▶ _GIVEN ENTRIES_
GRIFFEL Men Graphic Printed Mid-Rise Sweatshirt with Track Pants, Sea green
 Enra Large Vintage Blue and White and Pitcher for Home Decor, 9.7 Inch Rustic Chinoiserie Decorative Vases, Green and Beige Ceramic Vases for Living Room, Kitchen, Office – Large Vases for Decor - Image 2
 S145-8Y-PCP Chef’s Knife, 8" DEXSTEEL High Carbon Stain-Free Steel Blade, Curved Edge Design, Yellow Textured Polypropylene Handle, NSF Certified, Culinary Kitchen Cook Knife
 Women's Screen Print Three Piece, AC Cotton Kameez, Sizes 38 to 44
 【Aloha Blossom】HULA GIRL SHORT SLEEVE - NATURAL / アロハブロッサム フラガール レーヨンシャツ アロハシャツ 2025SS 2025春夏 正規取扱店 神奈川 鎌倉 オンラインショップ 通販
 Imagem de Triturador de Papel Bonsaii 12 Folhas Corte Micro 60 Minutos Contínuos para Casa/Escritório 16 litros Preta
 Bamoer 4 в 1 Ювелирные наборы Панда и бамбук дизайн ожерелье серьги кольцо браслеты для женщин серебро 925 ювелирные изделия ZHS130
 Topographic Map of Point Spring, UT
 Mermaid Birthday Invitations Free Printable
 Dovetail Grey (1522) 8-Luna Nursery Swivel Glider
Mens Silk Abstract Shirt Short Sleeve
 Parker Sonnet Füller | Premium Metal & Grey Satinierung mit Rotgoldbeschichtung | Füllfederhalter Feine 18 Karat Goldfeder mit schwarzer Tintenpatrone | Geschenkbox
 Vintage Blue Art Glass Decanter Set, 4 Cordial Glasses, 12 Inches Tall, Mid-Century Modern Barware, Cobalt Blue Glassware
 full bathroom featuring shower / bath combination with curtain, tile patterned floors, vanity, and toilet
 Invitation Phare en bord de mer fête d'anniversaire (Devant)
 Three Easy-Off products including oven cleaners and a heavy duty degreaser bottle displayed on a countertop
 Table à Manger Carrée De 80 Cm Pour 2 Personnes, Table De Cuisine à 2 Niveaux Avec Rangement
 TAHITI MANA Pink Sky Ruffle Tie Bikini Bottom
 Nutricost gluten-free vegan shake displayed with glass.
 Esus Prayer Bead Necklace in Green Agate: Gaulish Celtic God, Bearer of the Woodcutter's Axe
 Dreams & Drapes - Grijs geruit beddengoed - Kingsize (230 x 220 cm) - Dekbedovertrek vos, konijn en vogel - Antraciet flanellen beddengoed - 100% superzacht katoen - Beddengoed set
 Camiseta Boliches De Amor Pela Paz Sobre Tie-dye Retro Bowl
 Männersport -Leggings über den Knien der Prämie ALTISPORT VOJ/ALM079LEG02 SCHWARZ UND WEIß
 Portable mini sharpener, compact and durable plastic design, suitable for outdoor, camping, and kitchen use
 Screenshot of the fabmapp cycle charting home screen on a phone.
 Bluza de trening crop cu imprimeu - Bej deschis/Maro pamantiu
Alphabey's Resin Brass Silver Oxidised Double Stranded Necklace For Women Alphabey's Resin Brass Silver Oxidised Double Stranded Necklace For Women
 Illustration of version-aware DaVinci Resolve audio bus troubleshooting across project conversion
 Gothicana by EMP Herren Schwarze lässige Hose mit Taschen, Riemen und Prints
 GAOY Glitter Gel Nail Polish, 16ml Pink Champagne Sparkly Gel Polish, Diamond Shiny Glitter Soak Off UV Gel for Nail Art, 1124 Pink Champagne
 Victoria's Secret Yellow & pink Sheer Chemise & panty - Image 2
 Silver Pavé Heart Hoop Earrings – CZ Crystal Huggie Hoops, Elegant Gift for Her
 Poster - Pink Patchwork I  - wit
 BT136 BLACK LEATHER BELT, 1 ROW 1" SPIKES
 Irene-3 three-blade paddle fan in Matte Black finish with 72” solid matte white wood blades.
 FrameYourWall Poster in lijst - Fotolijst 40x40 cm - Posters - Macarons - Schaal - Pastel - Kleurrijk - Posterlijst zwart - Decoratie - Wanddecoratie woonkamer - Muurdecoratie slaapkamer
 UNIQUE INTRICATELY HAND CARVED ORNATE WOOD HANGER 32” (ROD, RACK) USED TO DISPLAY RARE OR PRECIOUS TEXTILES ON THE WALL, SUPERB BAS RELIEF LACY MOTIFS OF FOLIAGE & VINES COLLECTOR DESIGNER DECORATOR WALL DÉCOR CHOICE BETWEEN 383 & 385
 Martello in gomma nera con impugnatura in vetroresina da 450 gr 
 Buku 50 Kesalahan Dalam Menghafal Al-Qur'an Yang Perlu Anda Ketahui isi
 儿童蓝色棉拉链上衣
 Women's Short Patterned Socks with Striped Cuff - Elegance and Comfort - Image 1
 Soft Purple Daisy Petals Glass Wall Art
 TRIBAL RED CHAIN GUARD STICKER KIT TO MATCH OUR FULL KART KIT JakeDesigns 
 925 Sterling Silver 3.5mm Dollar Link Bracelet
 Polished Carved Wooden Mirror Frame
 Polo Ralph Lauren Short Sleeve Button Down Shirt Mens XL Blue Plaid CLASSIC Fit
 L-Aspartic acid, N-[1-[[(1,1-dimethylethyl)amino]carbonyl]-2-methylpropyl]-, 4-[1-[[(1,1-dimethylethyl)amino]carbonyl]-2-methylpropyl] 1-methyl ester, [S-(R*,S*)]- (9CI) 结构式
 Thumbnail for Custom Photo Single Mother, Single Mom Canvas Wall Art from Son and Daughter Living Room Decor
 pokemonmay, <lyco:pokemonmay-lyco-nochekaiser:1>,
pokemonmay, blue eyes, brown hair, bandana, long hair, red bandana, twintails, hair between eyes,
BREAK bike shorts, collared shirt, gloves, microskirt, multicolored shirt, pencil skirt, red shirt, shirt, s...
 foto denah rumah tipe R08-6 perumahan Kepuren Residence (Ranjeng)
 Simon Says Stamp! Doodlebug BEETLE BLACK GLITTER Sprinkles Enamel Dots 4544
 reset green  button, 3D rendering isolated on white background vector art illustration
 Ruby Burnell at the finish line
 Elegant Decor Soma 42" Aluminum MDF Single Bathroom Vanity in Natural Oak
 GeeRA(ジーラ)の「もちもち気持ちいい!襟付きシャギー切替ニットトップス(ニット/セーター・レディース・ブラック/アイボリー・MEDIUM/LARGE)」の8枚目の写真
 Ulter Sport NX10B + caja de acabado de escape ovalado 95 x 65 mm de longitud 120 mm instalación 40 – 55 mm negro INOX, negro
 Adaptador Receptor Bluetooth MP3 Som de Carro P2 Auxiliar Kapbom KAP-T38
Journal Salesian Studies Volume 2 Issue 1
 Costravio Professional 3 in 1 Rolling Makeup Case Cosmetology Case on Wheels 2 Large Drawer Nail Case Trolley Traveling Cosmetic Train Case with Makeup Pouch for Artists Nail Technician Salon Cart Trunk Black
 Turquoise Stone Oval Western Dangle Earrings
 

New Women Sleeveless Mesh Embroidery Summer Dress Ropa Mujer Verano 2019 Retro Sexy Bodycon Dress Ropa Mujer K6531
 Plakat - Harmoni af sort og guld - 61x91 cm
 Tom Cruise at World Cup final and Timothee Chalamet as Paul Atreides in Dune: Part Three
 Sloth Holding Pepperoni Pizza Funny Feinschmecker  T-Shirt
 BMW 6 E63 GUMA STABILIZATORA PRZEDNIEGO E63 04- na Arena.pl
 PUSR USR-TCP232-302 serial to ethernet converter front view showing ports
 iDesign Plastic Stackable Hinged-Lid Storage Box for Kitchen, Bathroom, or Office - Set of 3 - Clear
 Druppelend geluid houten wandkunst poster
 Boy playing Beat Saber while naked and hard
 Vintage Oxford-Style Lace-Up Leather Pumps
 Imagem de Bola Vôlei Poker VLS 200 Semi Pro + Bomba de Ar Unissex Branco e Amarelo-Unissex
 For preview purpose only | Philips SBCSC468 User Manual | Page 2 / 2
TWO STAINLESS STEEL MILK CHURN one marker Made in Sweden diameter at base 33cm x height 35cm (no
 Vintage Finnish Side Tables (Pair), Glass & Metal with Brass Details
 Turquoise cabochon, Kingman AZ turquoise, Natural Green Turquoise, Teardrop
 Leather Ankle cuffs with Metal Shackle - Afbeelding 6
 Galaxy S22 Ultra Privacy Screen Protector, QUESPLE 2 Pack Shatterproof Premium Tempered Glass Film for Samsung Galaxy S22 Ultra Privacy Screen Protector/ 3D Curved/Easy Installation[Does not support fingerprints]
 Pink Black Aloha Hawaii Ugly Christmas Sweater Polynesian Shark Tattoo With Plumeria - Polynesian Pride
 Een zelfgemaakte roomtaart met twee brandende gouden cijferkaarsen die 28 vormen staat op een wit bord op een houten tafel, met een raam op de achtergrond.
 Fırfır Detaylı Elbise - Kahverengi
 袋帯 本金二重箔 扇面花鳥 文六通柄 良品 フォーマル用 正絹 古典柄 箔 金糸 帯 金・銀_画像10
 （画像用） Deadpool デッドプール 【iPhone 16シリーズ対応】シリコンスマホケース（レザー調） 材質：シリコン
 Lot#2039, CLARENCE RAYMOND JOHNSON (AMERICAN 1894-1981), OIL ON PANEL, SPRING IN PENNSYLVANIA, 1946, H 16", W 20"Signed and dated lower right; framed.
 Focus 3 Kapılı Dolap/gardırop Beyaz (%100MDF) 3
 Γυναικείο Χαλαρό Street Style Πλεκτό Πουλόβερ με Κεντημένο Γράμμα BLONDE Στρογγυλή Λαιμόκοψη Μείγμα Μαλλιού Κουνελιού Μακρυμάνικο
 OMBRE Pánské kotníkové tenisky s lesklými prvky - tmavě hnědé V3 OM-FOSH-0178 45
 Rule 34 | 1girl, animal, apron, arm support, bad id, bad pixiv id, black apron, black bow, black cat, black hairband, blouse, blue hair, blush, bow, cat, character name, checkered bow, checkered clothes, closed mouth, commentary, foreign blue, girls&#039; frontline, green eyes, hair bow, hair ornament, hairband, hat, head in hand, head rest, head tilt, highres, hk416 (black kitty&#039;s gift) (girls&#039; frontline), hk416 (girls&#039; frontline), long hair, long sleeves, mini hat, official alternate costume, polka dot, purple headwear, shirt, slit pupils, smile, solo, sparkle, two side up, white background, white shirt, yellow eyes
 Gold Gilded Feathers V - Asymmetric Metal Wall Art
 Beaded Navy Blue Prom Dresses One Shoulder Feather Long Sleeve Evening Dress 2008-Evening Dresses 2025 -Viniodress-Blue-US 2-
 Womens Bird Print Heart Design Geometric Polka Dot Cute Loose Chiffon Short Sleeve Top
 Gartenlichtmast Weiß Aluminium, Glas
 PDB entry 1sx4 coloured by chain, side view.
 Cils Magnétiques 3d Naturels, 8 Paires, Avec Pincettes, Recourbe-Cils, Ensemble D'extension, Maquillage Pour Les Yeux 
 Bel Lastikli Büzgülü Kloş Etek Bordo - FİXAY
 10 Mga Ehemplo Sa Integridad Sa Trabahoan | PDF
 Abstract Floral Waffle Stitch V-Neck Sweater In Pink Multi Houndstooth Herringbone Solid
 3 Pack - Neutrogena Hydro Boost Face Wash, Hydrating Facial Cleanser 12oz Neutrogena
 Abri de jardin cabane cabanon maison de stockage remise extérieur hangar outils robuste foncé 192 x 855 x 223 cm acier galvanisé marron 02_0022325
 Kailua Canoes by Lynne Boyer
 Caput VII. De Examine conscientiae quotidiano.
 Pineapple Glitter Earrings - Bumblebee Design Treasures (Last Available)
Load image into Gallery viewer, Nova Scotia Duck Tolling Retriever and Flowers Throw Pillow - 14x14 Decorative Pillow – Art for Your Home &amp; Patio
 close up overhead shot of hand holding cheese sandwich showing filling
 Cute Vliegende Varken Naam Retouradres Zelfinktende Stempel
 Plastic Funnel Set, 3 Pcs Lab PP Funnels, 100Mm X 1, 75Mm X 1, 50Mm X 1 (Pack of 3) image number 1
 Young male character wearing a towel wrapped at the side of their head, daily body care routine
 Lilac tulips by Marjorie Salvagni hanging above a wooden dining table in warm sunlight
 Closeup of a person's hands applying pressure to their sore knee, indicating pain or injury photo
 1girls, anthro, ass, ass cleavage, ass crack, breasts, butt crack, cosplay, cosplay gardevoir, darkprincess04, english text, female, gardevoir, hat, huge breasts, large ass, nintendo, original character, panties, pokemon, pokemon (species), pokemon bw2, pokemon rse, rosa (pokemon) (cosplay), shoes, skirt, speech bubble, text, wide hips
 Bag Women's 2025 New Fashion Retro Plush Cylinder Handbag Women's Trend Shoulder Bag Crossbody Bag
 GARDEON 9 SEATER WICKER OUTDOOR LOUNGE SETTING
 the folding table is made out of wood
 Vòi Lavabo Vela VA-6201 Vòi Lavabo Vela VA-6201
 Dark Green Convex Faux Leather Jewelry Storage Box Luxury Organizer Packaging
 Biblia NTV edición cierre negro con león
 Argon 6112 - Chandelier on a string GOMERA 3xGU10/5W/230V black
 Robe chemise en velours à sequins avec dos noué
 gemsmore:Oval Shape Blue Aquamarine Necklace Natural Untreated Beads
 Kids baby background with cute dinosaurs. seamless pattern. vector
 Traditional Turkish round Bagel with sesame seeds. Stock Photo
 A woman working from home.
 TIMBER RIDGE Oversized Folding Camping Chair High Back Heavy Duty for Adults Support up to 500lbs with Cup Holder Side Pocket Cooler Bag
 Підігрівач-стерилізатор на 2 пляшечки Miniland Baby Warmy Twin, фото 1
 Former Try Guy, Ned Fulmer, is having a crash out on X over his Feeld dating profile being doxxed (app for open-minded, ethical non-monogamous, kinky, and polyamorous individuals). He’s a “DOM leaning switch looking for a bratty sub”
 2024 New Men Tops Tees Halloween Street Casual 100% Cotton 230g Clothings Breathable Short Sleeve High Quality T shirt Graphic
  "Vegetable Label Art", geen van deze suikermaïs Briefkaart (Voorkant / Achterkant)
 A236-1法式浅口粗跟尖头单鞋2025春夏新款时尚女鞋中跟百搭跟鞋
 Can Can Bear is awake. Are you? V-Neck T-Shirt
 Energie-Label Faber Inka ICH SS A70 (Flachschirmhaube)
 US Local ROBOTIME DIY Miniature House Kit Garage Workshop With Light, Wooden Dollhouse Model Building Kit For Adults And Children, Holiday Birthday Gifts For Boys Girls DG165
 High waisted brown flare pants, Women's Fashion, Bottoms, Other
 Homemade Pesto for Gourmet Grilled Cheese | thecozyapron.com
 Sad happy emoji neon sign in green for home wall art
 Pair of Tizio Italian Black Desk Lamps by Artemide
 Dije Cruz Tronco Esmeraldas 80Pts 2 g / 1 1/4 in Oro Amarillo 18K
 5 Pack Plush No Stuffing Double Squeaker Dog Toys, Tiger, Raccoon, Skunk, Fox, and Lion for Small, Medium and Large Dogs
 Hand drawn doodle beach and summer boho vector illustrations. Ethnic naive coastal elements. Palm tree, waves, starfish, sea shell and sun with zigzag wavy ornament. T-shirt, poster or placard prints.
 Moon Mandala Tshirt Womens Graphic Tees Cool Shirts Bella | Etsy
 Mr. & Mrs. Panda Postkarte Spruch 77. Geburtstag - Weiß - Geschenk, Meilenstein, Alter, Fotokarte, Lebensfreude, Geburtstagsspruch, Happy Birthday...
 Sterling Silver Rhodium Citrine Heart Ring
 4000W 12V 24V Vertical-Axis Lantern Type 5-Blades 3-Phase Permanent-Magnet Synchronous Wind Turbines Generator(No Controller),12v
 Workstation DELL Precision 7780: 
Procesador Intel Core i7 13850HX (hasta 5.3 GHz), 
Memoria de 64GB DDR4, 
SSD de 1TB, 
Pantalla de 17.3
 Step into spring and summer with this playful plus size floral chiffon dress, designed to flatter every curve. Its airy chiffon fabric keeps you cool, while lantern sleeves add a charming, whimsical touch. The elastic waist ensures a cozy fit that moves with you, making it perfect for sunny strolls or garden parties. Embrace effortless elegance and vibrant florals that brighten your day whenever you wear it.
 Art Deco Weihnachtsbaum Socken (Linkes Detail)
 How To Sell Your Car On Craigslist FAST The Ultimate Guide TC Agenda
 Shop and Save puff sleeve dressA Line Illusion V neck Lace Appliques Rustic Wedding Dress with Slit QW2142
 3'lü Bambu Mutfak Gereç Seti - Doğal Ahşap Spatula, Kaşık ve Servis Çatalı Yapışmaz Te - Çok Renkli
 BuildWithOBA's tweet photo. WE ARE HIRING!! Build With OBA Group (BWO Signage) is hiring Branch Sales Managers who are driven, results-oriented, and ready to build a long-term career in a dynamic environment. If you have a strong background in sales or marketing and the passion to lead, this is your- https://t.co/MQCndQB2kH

▶ _TASK BRIEF_
The answer must be one number: how many lines in the material above contain the word "Curved".

▶ _EXPECTED ANSWER_
2